• [Problem requirements] Please give the lines below again exactly as they stand, from the one that contains "Áo thun bé gái hiệu Justice size đại 22_60kg" up to and including the one that contains "Bottiaei Kalindoia Gatzolis 2008 A.2 — CANOA", leaving all pictures out.

• [Records to use]
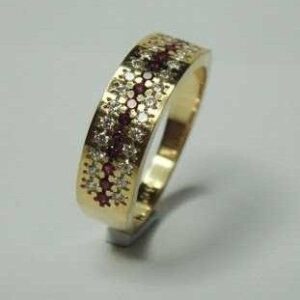 916 Gold Charming CZ Stone Bands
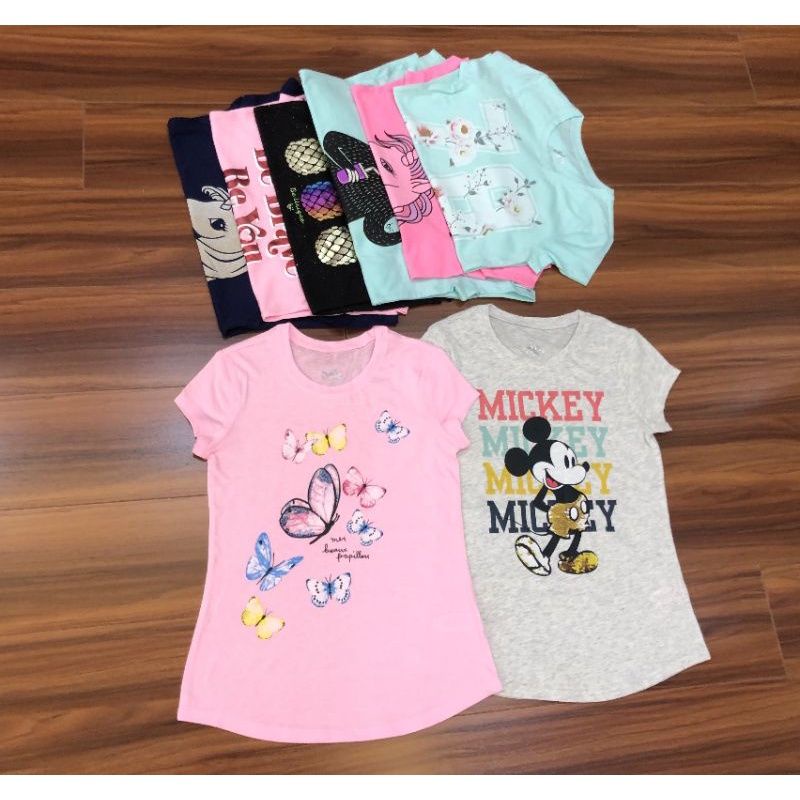 Áo thun bé gái hiệu Justice size đại 22_60kg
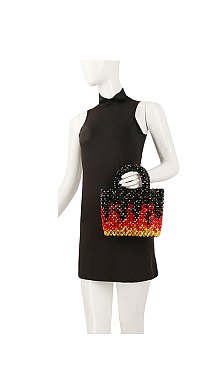 Flame Beaded Bag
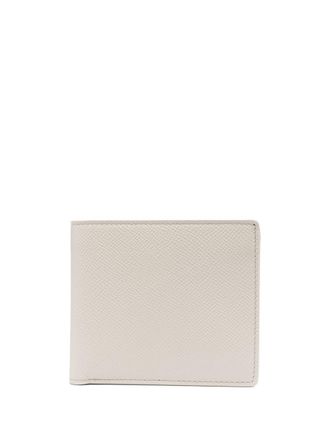 Maison Margiela four-stitch leather bi-fold wallet - Neutrals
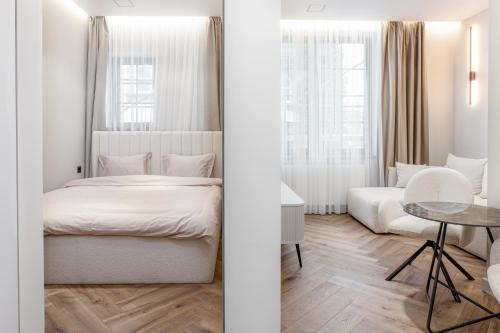 Llit o llits en una habitació de Memel House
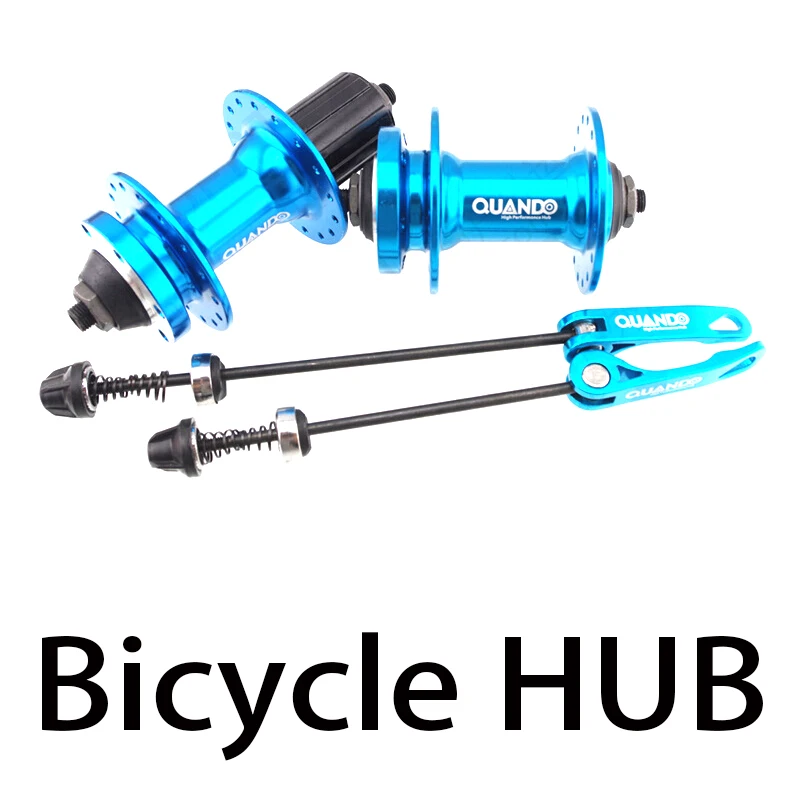 32Hole QUANDO Ball Bearing Hubs MTB Bike disc Brake Hub Front Rear & Skewers set 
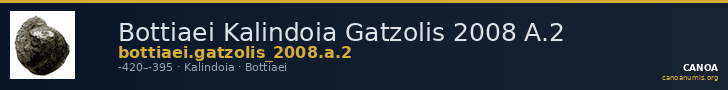 Bottiaei Kalindoia Gatzolis 2008 A.2 — CANOA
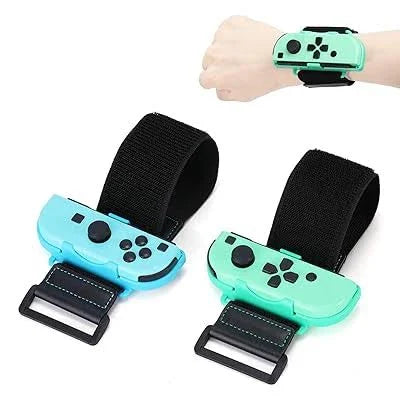 Just Dance 2019 Wrist Band - Animal Crossing Dance Band Strap For Nintendo Switch Joy Con - Adjustable Hook Loop Elastic Strap For Just Dance.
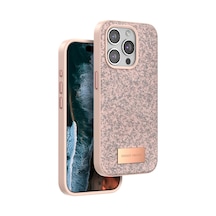 Onegif Apple iPhone Uyumlu 15 Pro Max Bright Simli Kapak - Pembe İtdark17902
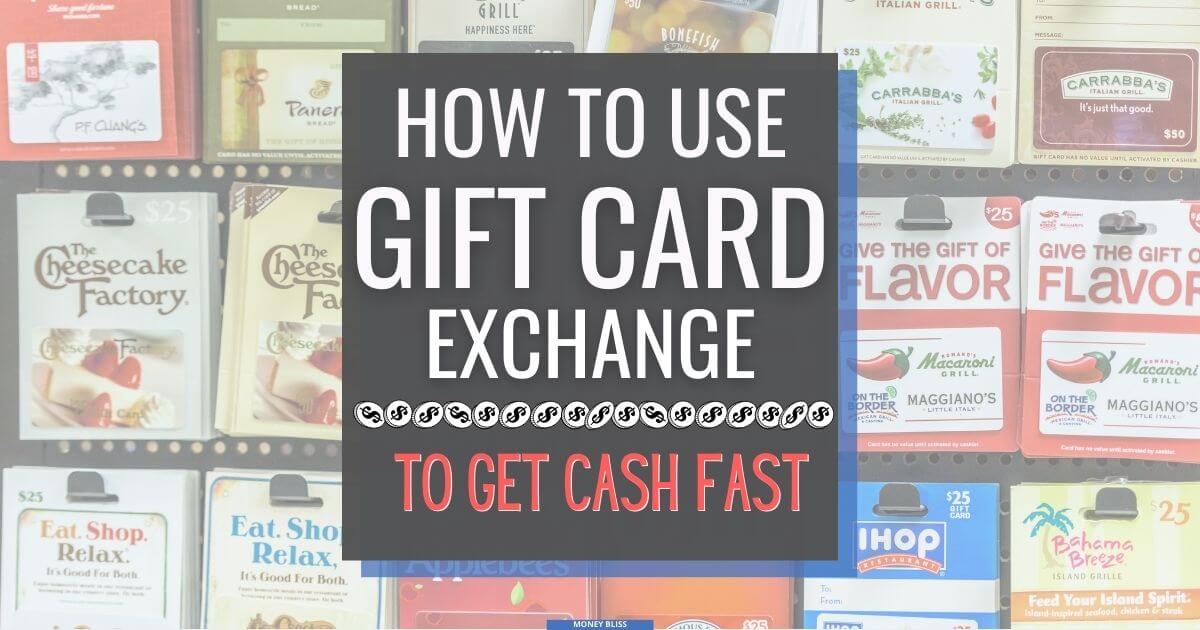 Cómo utilizar un quiosco de intercambio de tarjetas de regalo para obtener efectivo rápidamente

• [Task result]
 Áo thun bé gái hiệu Justice size đại 22_60kg
 Flame Beaded Bag
 Maison Margiela four-stitch leather bi-fold wallet - Neutrals
 Llit o llits en una habitació de Memel House
 32Hole QUANDO Ball Bearing Hubs MTB Bike disc Brake Hub Front Rear & Skewers set 
 Bottiaei Kalindoia Gatzolis 2008 A.2 — CANOA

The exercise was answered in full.